# Extracted information:
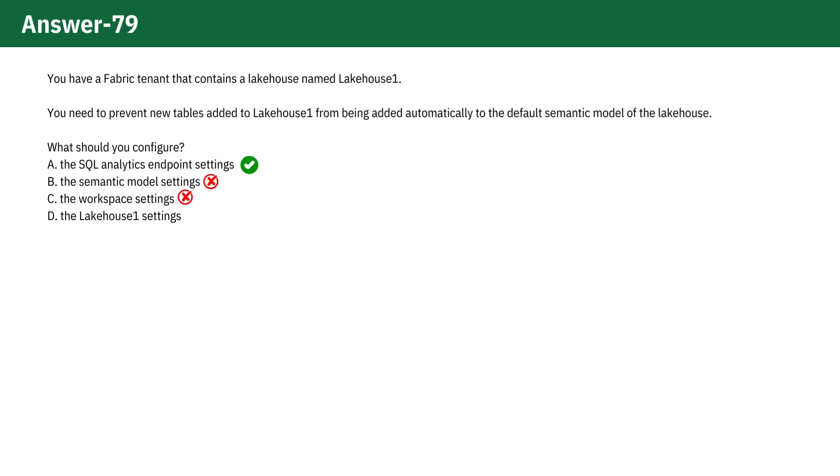Option D, the LakeHouse Settings, focuses on managing the lakehouse itself, such as data storage and security, but it doesn't control the interaction with the Power BI semantic model, so it's also incorrect.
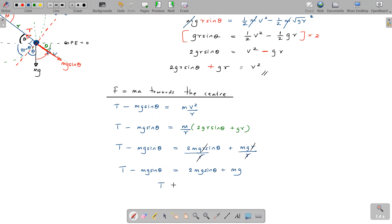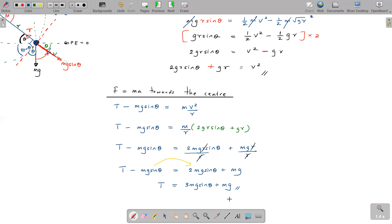So the tension in the string at the general point is T = 3mg sinθ + mg. This is the answer to part (a).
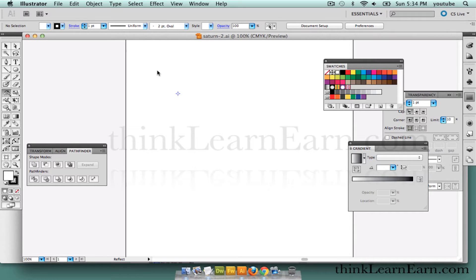Here's a quick little shortcut on how to work with different path structures in relation to paste in front, paste in back. So let's get started.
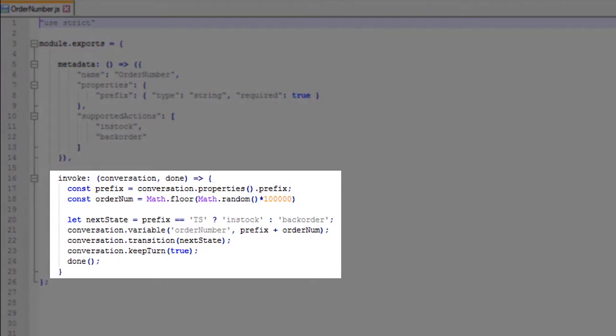The INVOKE function is called whenever a post to the component name endpoint comes in. Normally, this is where you'd make calls out to your inventory system or other services to get the order number and availability. But for now, we'll just return a random number.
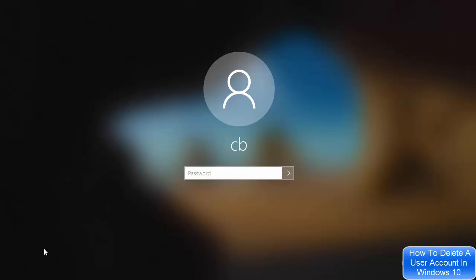I don't see any user 2 account anymore here on the login window. So this is how you can delete a user account on your Windows 10 operating system. I hope you've enjoyed this video and I will see you in the next video.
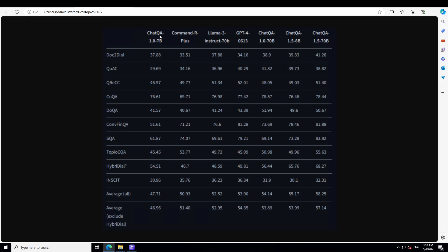At the very first column, if you look at the ChatQA 7 billion on various benchmarks, it has performed very well. It is at par with GPT-4 in some cases and even beaten it. For example, on Doc2Dial, it has even beaten Llama3 Instruct 70 billion. How good is that? This is just a 7 billion parameter model, by the way, and it has beaten the 70 billion one.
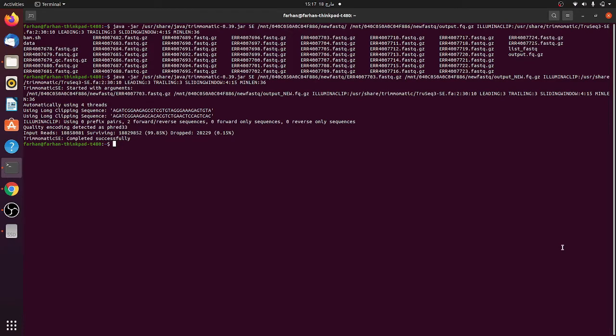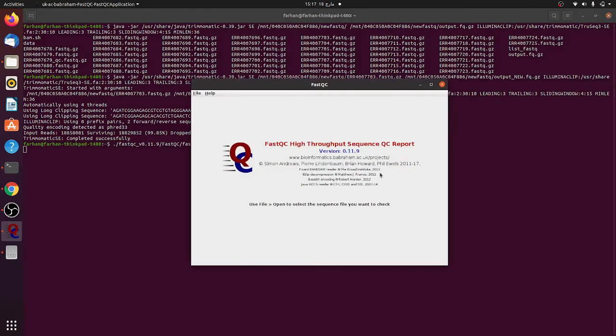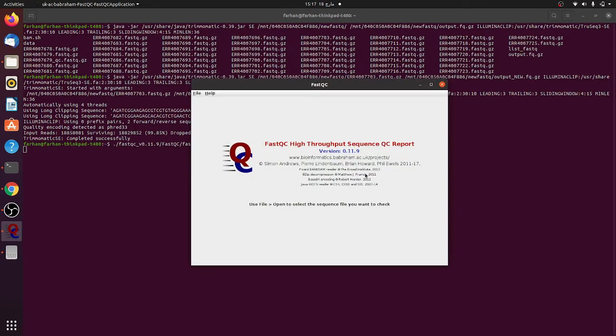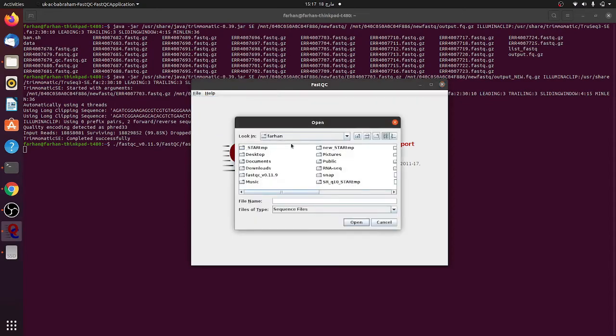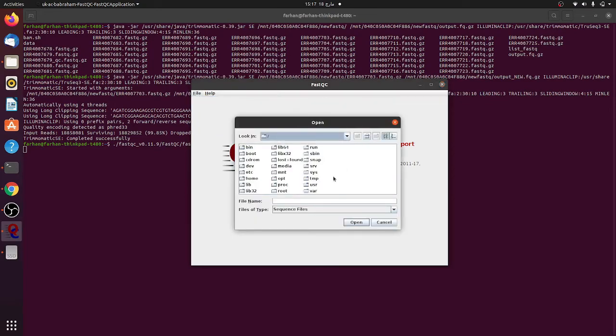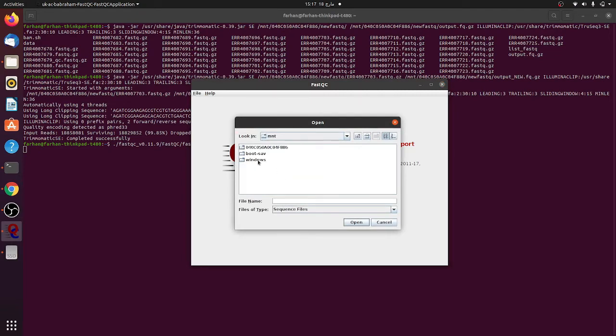If now you want to check the FASTQ, for instance, we want to run the FASTQ file. What we can do here is we can just use the graphical user interface, and here we can now go from here where the file is saved, that place we are going.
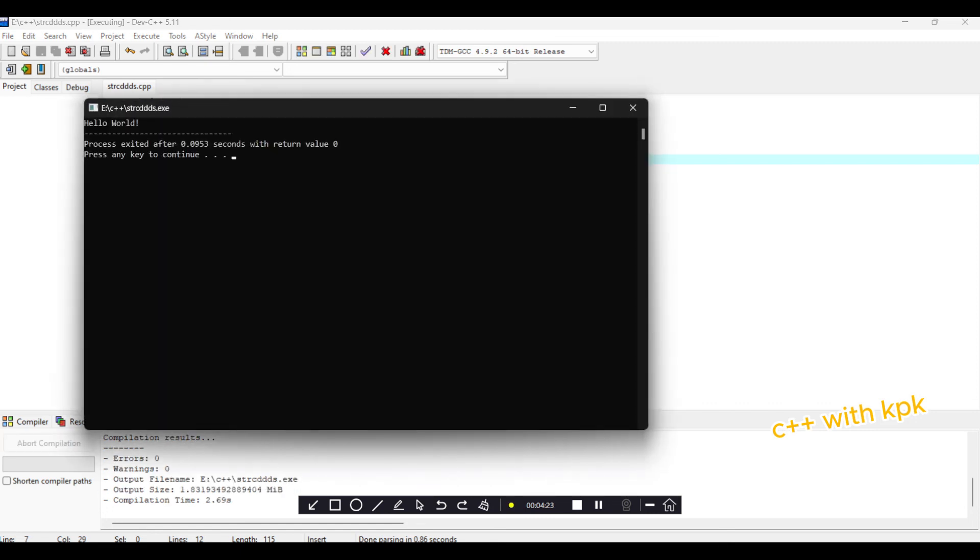Okay, so we have this. So this is how to use Dev-C++ as an integrated development environment for C++ programming.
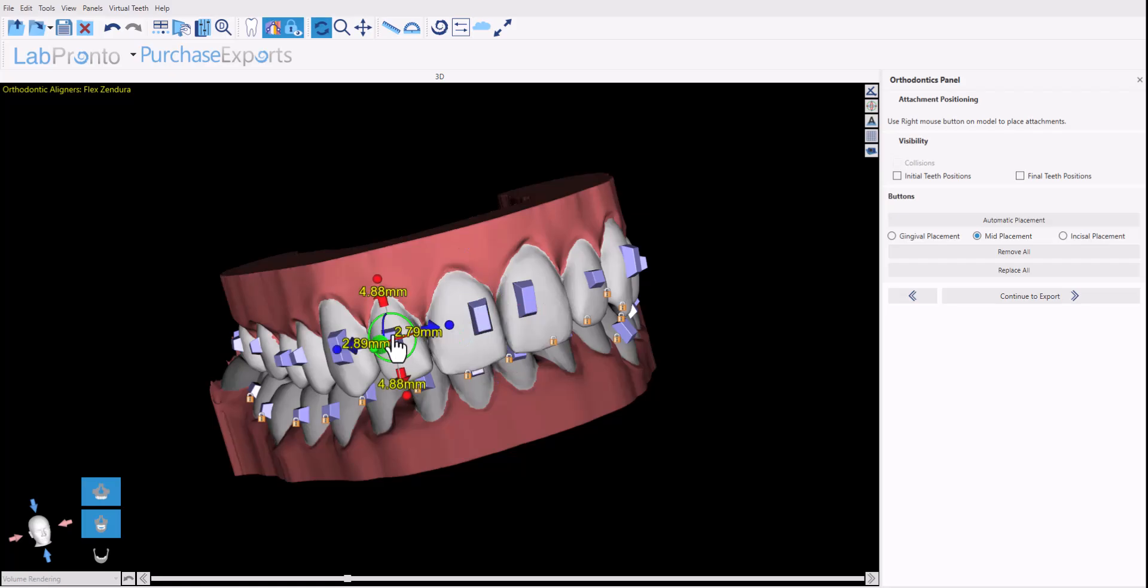In addition, if you right-click on a particular attachment, you have options to duplicate, which will then duplicate the same shape and allow you to place it on a different tooth, or replace with a different shape.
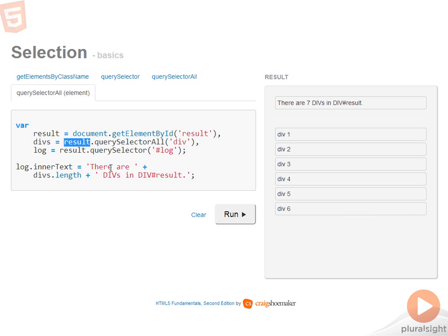I do this interchangeably even when using jQuery, which we'll see in some samples to come. It's all about knowing when to use the right tool at the right time, and you'll have an opportunity to see that in action in the rest of the modules.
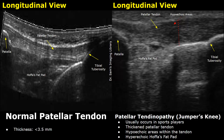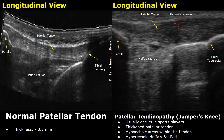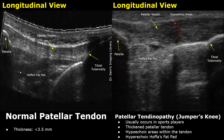This hyperechoic structure is the patella, the kneecap, with posterior shadowing because it is a bone. Over here this is the tibia — the tibial tuberosity — where the patellar tendon attaches to the tibia. This area is the Hofas fat pad. It is located posterior to the patellar tendon and is mainly a hypoechoic structure.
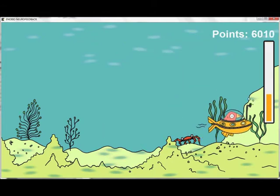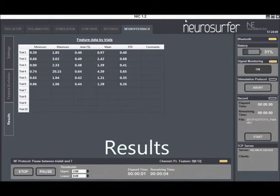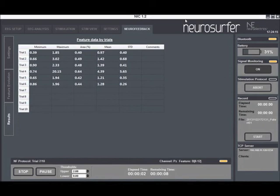Once the training session is over, the therapist has access to game statistics in order to monitor progress. These include mean scores for each trial.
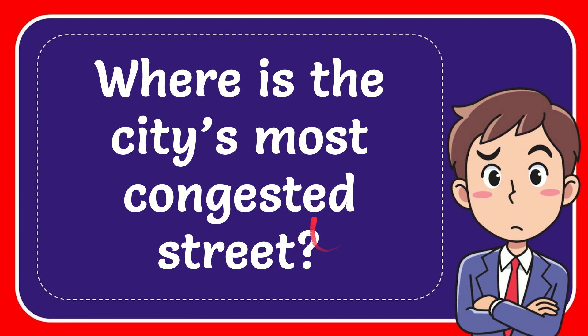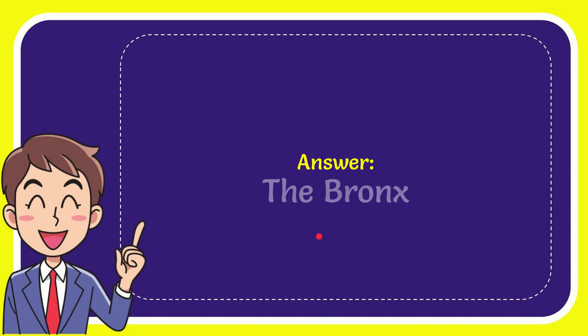Now I'll give you the answer to this question. The answer to the question is the Bronx. So that is the answer to the question, the Bronx.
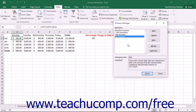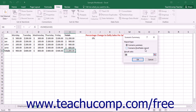You can easily compare the different results of scenarios within a scenario report. This report will show the different scenarios in the current worksheet, the changing values in each, and the different results that they generate, making it easy to compare different projections. To create a scenario report, click the Summary button in the Scenario Manager dialog box, which will launch the Scenario Summary dialog box.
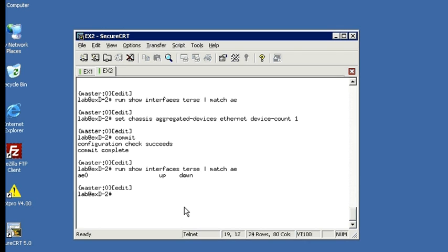So next we need to configure the switch to associate certain physical interfaces with this AE0 interface that we just created. And we do this by setting the 802.3AD parameter under the Ether Options section of the physical interface. And for our demo, we will associate GE0012 and GE0013 with interface AE0. So again, from the top of the configuration hierarchy, let's enter these commands. We'll do GE0012 first.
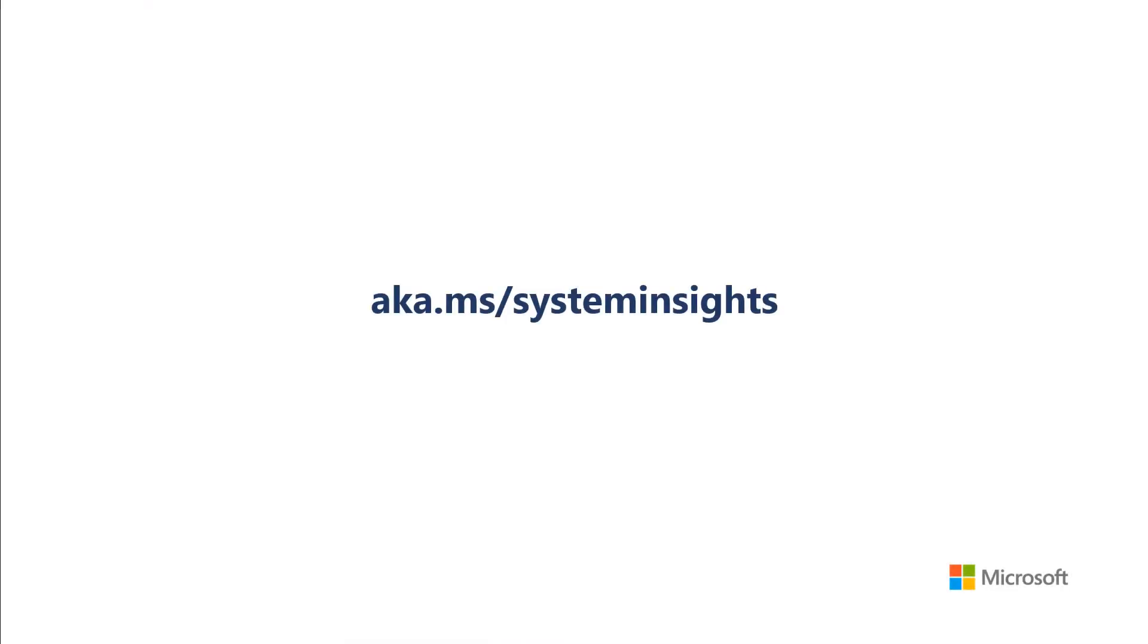This video helps show you how you can create and use Actions in System Insights. Visit our documentation for more information, and we're excited to hear what you think.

# Work to be completed:
Nothing but the lines from the one with "So the tension" to the one with "I don't see" above, both included, should be transcribed, exactly and without pictures.

# Exercise result:
So the tension in the string at the general point is T = 3mg sinθ + mg. This is the answer to part (a).
Here's a quick little shortcut on how to work with different path structures in relation to paste in front, paste in back. So let's get started.
The INVOKE function is called whenever a post to the component name endpoint comes in. Normally, this is where you'd make calls out to your inventory system or other services to get the order number and availability. But for now, we'll just return a random number.
I don't see any user 2 account anymore here on the login window. So this is how you can delete a user account on your Windows 10 operating system. I hope you've enjoyed this video and I will see you in the next video.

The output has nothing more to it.